It’s first and foremost an agricultural town; an imposing silver grain elevator anchors the north end of First Street, Chester’s commercial hub. And it’s isolating. The nearest airport of any size is 100 miles south, in Great Falls. There’s no gourmet grocery, and dining-out options are limited to Spud’s Café for breakfast and lunch, and the Grand Bar for dinner. (The Inverness Bar and Supper Club is another 15 miles east).
But the tradeoff for residents is a creative clarity that seems to emanate from the scarcity of choices coupled with the anything’s-possible embrace of the sweeping, sand-colored prairie.
“I don’t feel like I’m missing out on anything,” said Carlon, the dance teacher who grew up in New York City but has fallen in love with small-town life. “Living here you can find yourself a little bit better and be who you are. I think Chester offers exactly what I need.”

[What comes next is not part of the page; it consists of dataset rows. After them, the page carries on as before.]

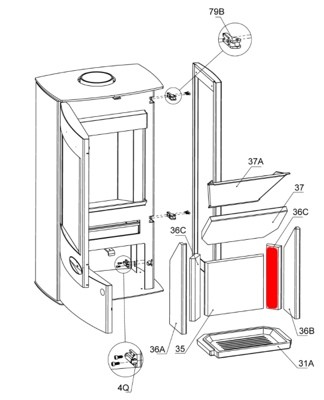 Königshütte Pavo Seitenstein rechts hinten Königshütte Pavo Seitenstein rechts hinten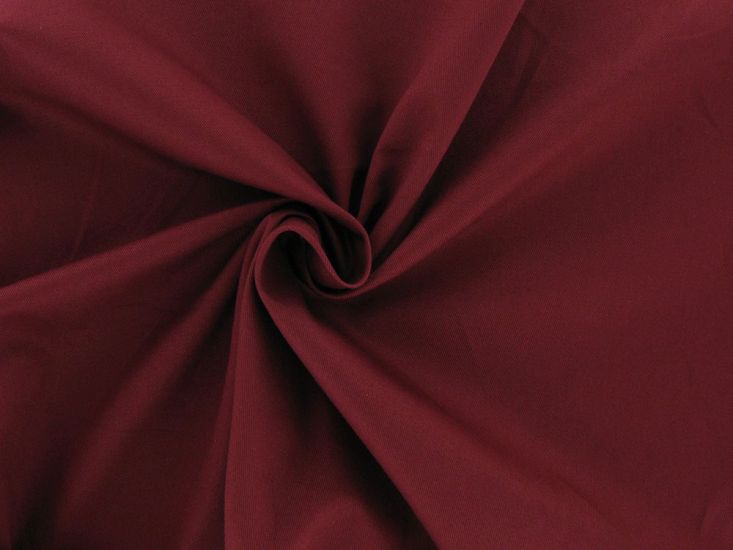 Lightweight Cotton Twill, Wine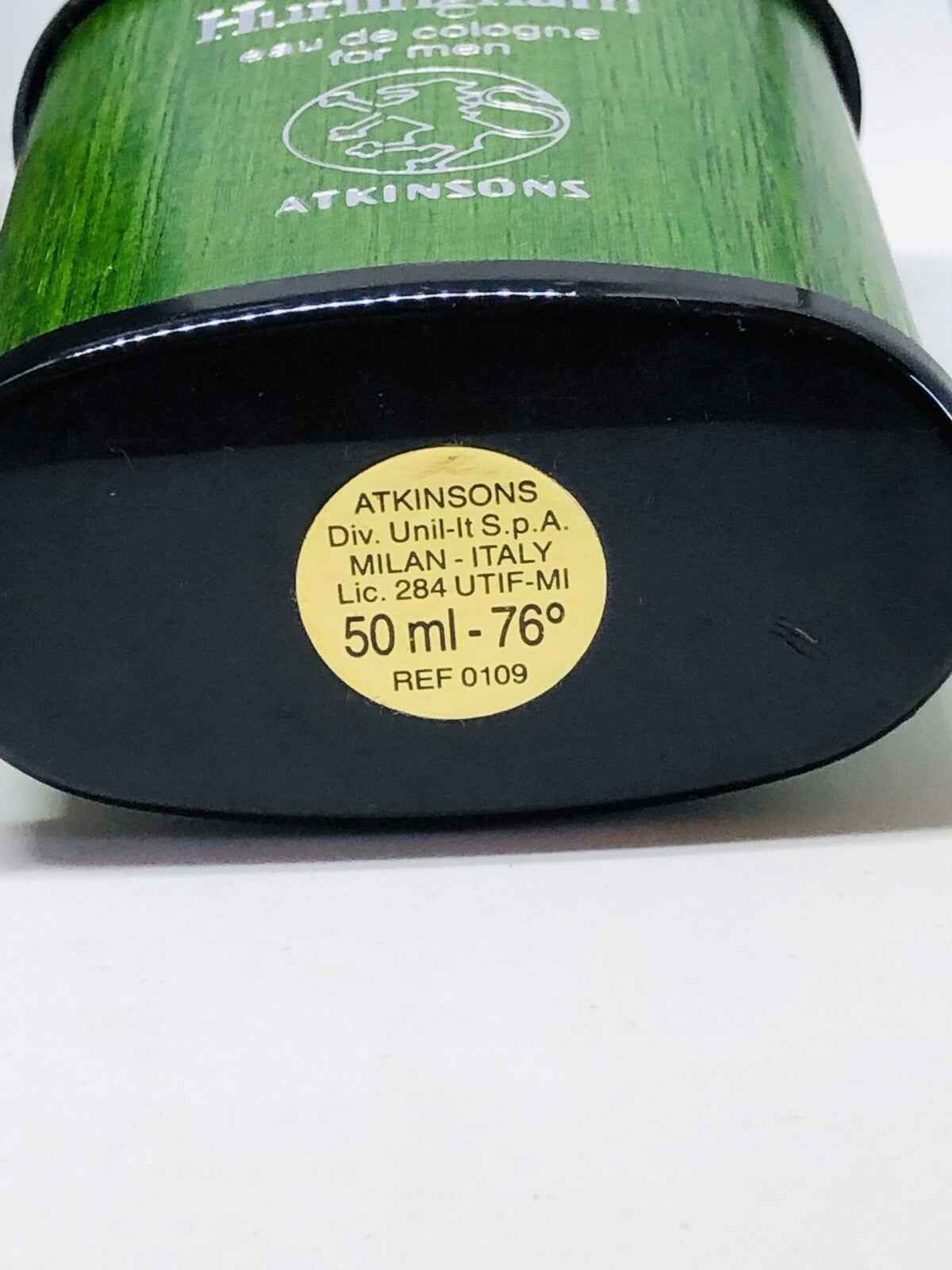 Atkinsons Hurlingham Vintage cologne for men in a green bottle, 50 ml size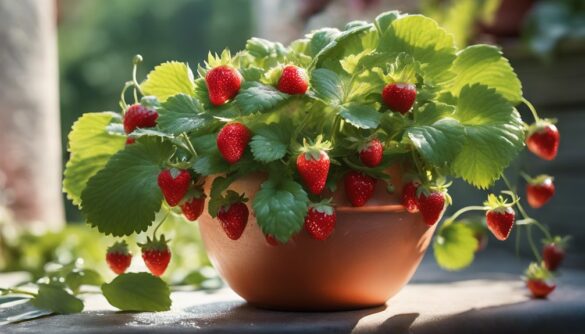 doniczka dla truskawek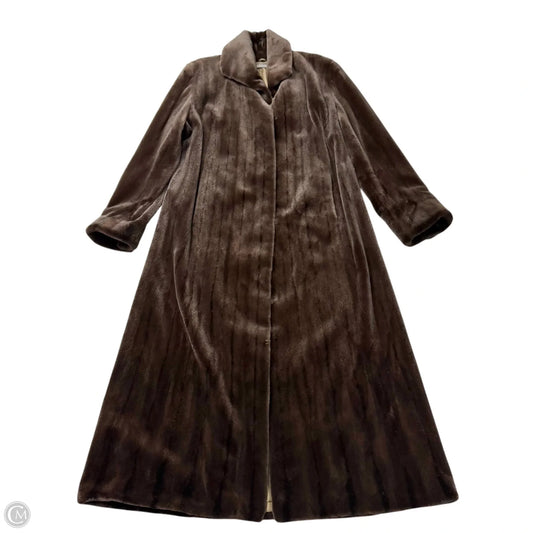 Coat Fur By Bisang Couture  In Brown, Size: Osfm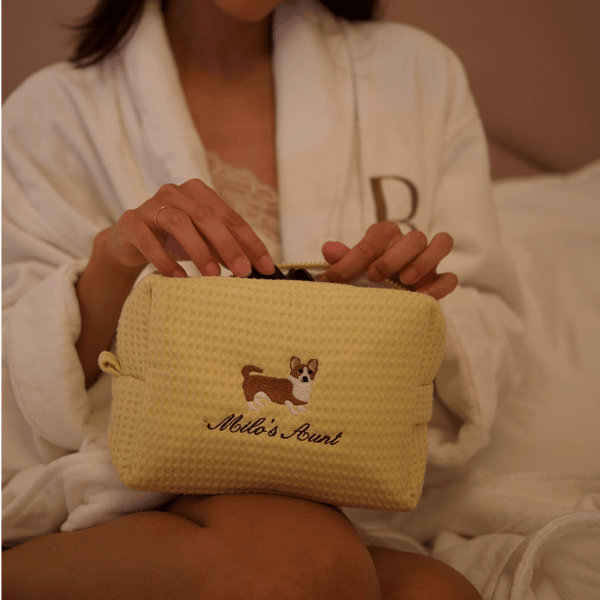 Dog Mom Waffle Pouch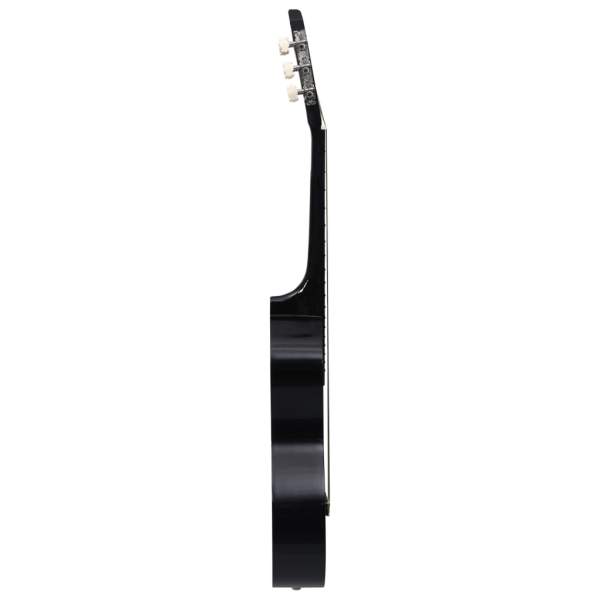  Klassikgitarre für Anfänger mit Tasche Schwarz 4/4 39"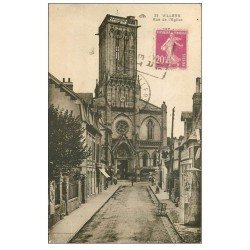 carte postale ancienne 14 VILLERS-SUR-MER. Rue de l'Eglise 1934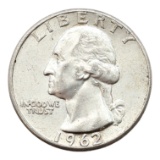 1962 Silver Washington Quarter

Chester got its start in 1891 when the Great Northern Railroad built a coal-loading station for its steam engines, but it really got going 20 years later when homesteaders flooded in. The first telegraph operator bestowed the name Chester in tribute to his Pennsylvania hometown.
Culturally, the town got an enormous boost when native son Philip Aaberg returned home in 2002. A Grammy-winning pianist and composer who combines jazz, rock, bluegrass and other elements to create an energetic and eclectic style, Aaberg, 65, grew up in Chester with his mother and his grandparents. When, as a young boy, he surpassed the local piano teachers, his mother, Helen Ann, put him on a train to Spokane every other Sunday through Tuesday so he could study under Juilliard-trained Margaret Saunders Ott.
Aaberg wasn’t the first gifted musician in town. His great-uncle played in a jazz band in the 1910s. Chester was the kind of place where “if you wanted to hear music, you made it yourself,” Aaberg said.
He and his wife, Patty, and their toddler son, Jake, were living in Oakland, California, but Aaberg missed his old life.
“I used to come back visiting family and as soon as I got over the pass into the plains, I’d start to breathe easier and I’d start to be inspired and I’d wonder why I wasn’t out here,” he said.
When the Liberty Village Arts Center invited him back to Montana for a year-and-a-half long composer’s residency, courtesy of a grant from the state Coal Tax Trust Fund, Aaberg found himself captivated by Chester’s homespun charm all over again. The family moved back into his grandparents’ house, which Aaberg still owned, and when the residency ended, they stayed put.
In the 12 years since, the Aabergs have started Sweetgrass Music, a recording studio located off a breezeway behind their house. Aaberg may be the only musician in America who’s managed to wedge a grand piano inside a grain bin, which is attached to the breezeway.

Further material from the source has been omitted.